Much like with each vinyasa, that bigger cycle feels a little more like flowing with each go ‘round. That bigger cycle in my own life is something about feeling worthy after being convinced otherwise. Something about a person supposed to teach you about being loved handing you shame and manipulation. It took me nineteen years of repetition just to notice. Not to change, just to notice. For a long time it felt like being trapped in a washing machine on the heavy duty cycle. Waiting for the water to rise above my nose, for the soap to burn my eyes. I’m spinning, waiting for it either to turn off or for me to just drown. Never knowing which I’d rather have. It always turns off though, just long enough to take a few breaths and start again.
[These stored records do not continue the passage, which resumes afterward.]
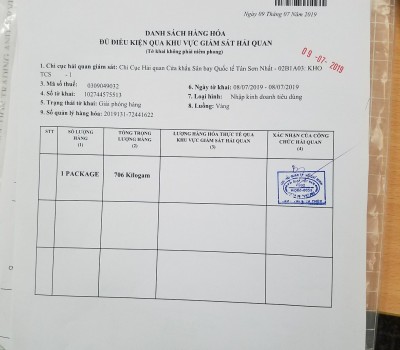 TỜ KHAI HẢI QUAN TÂN SƠN NHẤT NHO MỸ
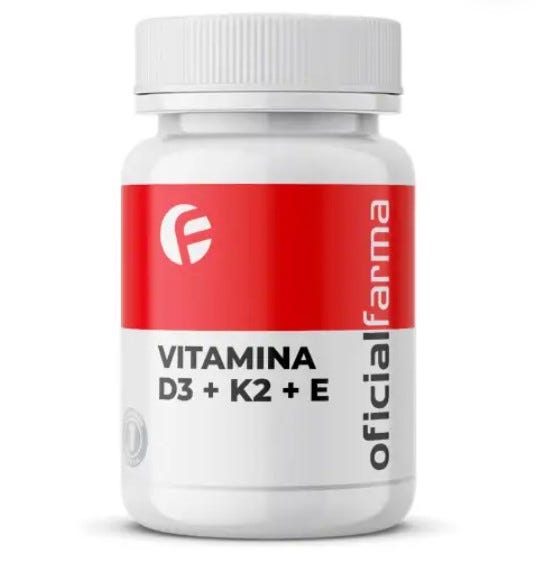 Vitamina D3 + K2 + E 180 c&aacute;psulas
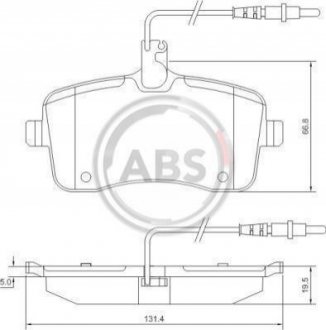 37430 A.B.S. Тормозные колодки перед. Peugeot 407 04- (TRW) (131,4x66,8x19,5)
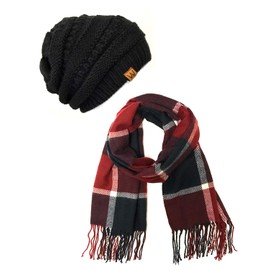 Wrapables Plaid Print Long Winter Warm Scarf and Beanie Hat Set, Navy/Wine + Black Beanie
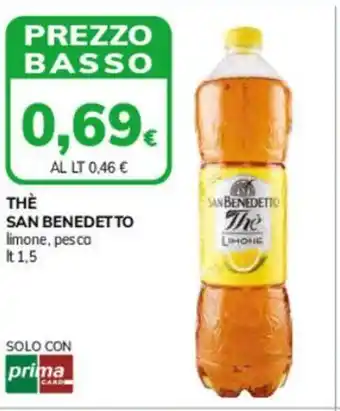 Basko THÈ SAN BENEDETTO limone, pesca lt 1,5 offerta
Over the last year and a half though, I have encountered moments, many actually, that serve as evidence that I am not actually trapped inside of a washing machine. Evidence that with enough diligence and patience this too can be flow. Evidence that one day the memories will come up and instead of drowning me I will say “we have been here before, we are just passing through.”
I may not be there yet, but the idea that I am on my way is hopeful enough. Drawing blood has turned into asking for a hug. Dissociating has turned into asking to sit a little bit closer. Silence has turned into whispers, even if they’re not always audible. Pretending has turned into honesty. Safety in isolation has become comfort in closeness.